Loading native snappy in middleManager/peon

Hi all!

I’m trying to set up Druid with Hadoop 2.6.0 CDH 5.5.2. After wading through and working around various dependency issues, I’m hitting a wall. Our default compression codec is snappy. We force the Hadoop java processes to load the native snappy libraries by setting LD_LIBRARY_PATH=/usr/lib/hadoop/lib/native. I had gotten an error about not being able to load snappy in the middleManager earlier this week, but got around it by setting LD_LIBRARY_PATH in the middleManager’s environment. Now I’m to the point where an indexing task successfully completes a MapReduce job and writes out snappy files in /tmp/druid-indexing. The MapReduce job finishes fine.
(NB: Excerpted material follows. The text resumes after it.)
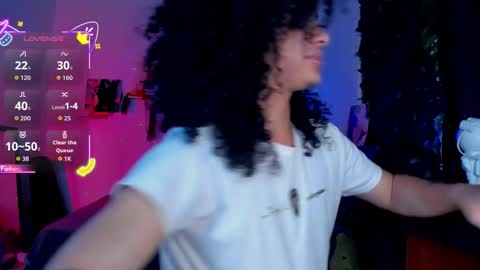 Snapshot of sweet_vond chatting on 10-16-25, 01:50 Steven independent model online show from 10-16-25, 01:50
After it does, it looks like a Peon process attempts to read what was written. While doing so, I get a snappy loading error:

2016-05-20T20:35:27,591 INFO io.druid.indexer.DetermineHashedPartitionsJob: Job completed, loading up partitions for intervals[Optional.of([2015-09-01T00:00:00.000Z/2015-09-02T00:00:00.000Z])].

2016-05-20T20:35:27,643 ERROR io.druid.indexing.overlord.ThreadPoolTaskRunner: Exception while running task[HadoopIndexTask{id=index_hadoop_pageviews_2016-05-20T20:33:38.361Z, type=index_hadoop, dataSource=pageviews}]

java.lang.RuntimeException: java.lang.reflect.InvocationTargetException

at com.google.common.base.Throwables.propagate(Throwables.java:160) ~[guava-16.0.1.jar:?]

at io.druid.indexing.common.task.HadoopTask.invokeForeignLoader(HadoopTask.java:160) ~[druid-indexing-service-0.9.0.jar:0.9.0]

at io.druid.indexing.common.task.HadoopIndexTask.run(HadoopIndexTask.java:175) ~[druid-indexing-service-0.9.0.jar:0.9.0]

at io.druid.indexing.overlord.ThreadPoolTaskRunner$ThreadPoolTaskRunnerCallable.call(ThreadPoolTaskRunner.java:338) [druid-indexing-service-0.9.0.jar:0.9.0]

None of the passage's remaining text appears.